The housing stock in the Dunbar area of Vancouver has undergone significant change in the past five years. Originally a working class neighbourhood with many quite modest homes surrounded by lovely gardens, it is now a neighbourhood that 99% of the people working in Vancouver cannot afford because the replacement homes are built to the maximum footprint and cost millions. Greenspace has been reduced. Included on this website are photos of many (not all) of the disappeared houses.
View Teardowns in the Dunbar area of Vancouver, BC in a larger map

Demolitions West of the Dunbar Community Centre

Tuesday, March 26, 2013

In My Neighbourhood

Once upon a time I enjoyed my walks down a nearby lane thanks to the creative painting on this one-car garage.  What a clever way to portray the house number!
The house itself was a bit different from the other 50's houses in this section of Dunbar because it had a corner entry and two bay windows in the front, to say nothing of the bright red paint, unusual for this relatively staid neighbourhood. I was alerted by a neighbour in September 2010 that the house would be torn down, and the demolition of this house was a big impetus for me to start writing this demolition blog.
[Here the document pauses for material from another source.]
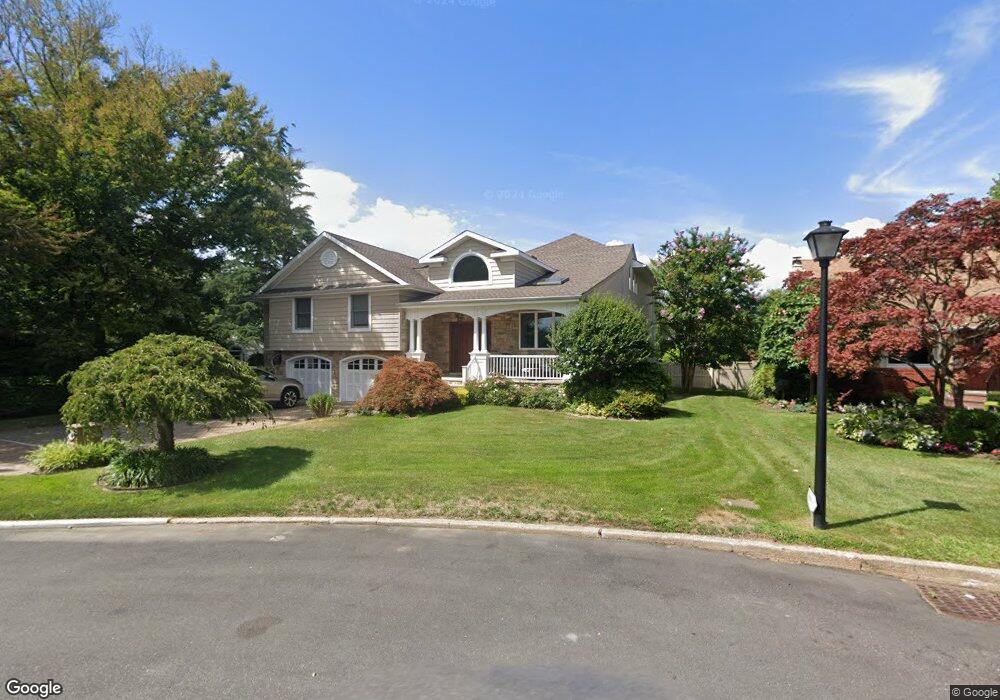 4 Hawthorne Ln, Lawrence, NY 11559 - photo 1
This should look familiar!  Torn down on December 30, 2010.

My special interest in this demolition was that I could see it from my upstairs window, where I have an occasional precious view of the North Shore mountains.

But how high will the house go, and will I lose part of my view of the mountains?

It's getting taller...

A three-car garage is going up.  I will spare you a photo of it at completion as these garages are ubiquitous and boring.  None of the garage doors will be as fun as the one on the original garage.
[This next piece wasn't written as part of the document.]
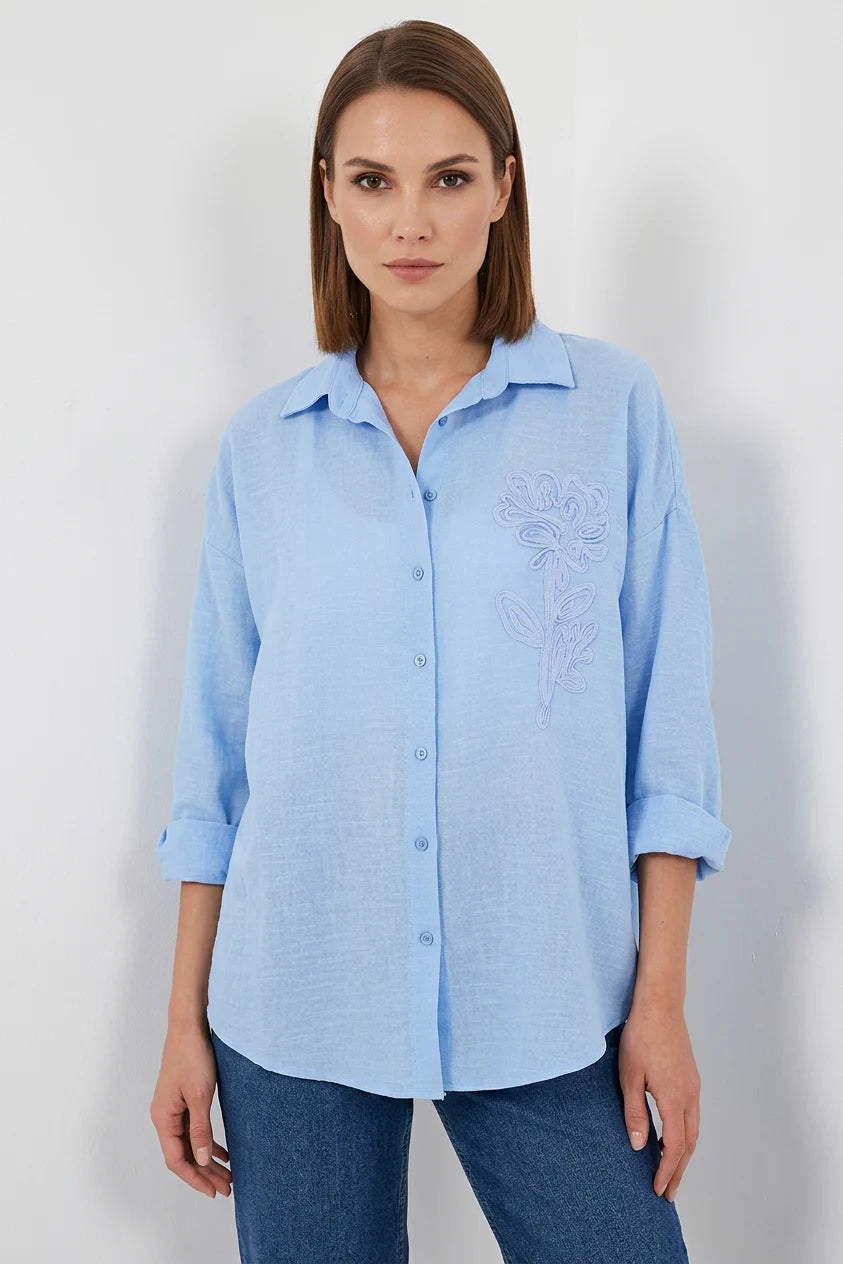 Kadın Oversize Nakışlı Çiçek Desenli Viskon Mavi Gömlek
In July 2011, the carefully detailed "heritage" features of this large house are evident.

It's now mid May 2012 and nearly time to move in.  The house has taken a long time to build, nearly 1 1/2 years, likely meaning that it was not built by a developer on speculation.  The tree with the pink blossoms survived, but with all the digging, it had energy to flower only on one side.
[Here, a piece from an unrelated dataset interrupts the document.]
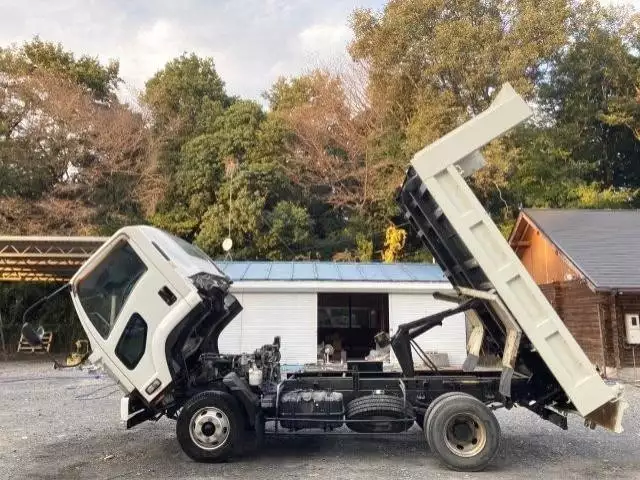 平成24年02月中古中型いすゞフォワードの画像15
And what of my view? I'm fortunate to still be able to see a bit of the mountains.  They'll be there forever, but I am getting reconciled to the idea that it is only thanks to the probably temporary quartet of original one storey 1950's bungalows at the end of West 30th and West 31st Avenues that allows me to have this view of snow on Cypress Mountain.  It helps that my house is near the top of a ridge and that I have a 1 1/2 storey house.

As new and taller houses are built, next door neighbours get more shade, and more distant neighbours lose views of the sky.  No one gets compensated for these permanent losses. But it is inevitable in big cities that attract a growing population.

Wednesday, March 20, 2013

On Dunbar Street

5058 Dunbar Street, torn down in 2012. Also torn down was the white house barely seen on the left.  I failed to get a good photo of it.

Right next door is 5076 Dunbar Street, also torn down in 2012.

These three adjacent houses are being replaced by three houses plus two laneway houses.  I missed getting the photo of a fourth demolished house a block away on Dunbar Street, in the 5100 block.  Dunbar Street is a main traffic artery and has three commercial districts. With increased densification guidelines, Dunbar Street could be slated for construction of multi-family dwellings in the future, instead of this kind of replacement of detached dwellings with detached dwellings.

Saturday, March 16, 2013

Three Gone

A little cottage at 4038 W. 18th Avenue.  Torn down February 2011.

3529 Quadra Street was a special spot for this lovely house because it was situated high on the hill, overlooking Blenheim and Quesnel Streets and the downtown.  Adjacent to the property was a walkway with steps connecting Quadra and Quesnel.  The house has been replaced by a house plus laneway house, and it appears that a second house will be built on what was a large lot. Torn down 2012.

When this one was torn down in the summer of 2012, I was quite surprised to see that it had interior walls of brick.  Or were they exterior walls, later covered by stucco?  Although the house looked very good, perhaps the bricks hampered its durability.  But I have my doubts.  3930 West 29th Avenue.

Sunday, March 3, 2013

Vancouver Vanishes

It's happening all over Vancouver.  Many thanks to Caroline Adderson who documents the demolitions of fine homes in a neighbourhood slightly overlapping and adjacent to the Dunbar area that I have been photographing:

Five More Houses Demolished on West 36th Avenue

This street has wide lots, so these 1 and 1.5 storey houses have been replaced by large houses.  There are four on this street already on this blog--see the index to the right.

3463 West 36th Avenue.  Built in 1924 with a lovely curved window. Torn down Summer 2011.

3815 West 36th Avenue. Torn down 2011 or 2012.

3905 West 36th Avenue. This house on the corner was torn down January 2012.

Also on a corner at 4006 West 36th Avenue. Torn down April 2012, in this case not by a developer but by the owners who have lived in the place for many years.

A charming landscape at 4036 West 36th Avenue.  Built in 1946; torn down in 2012.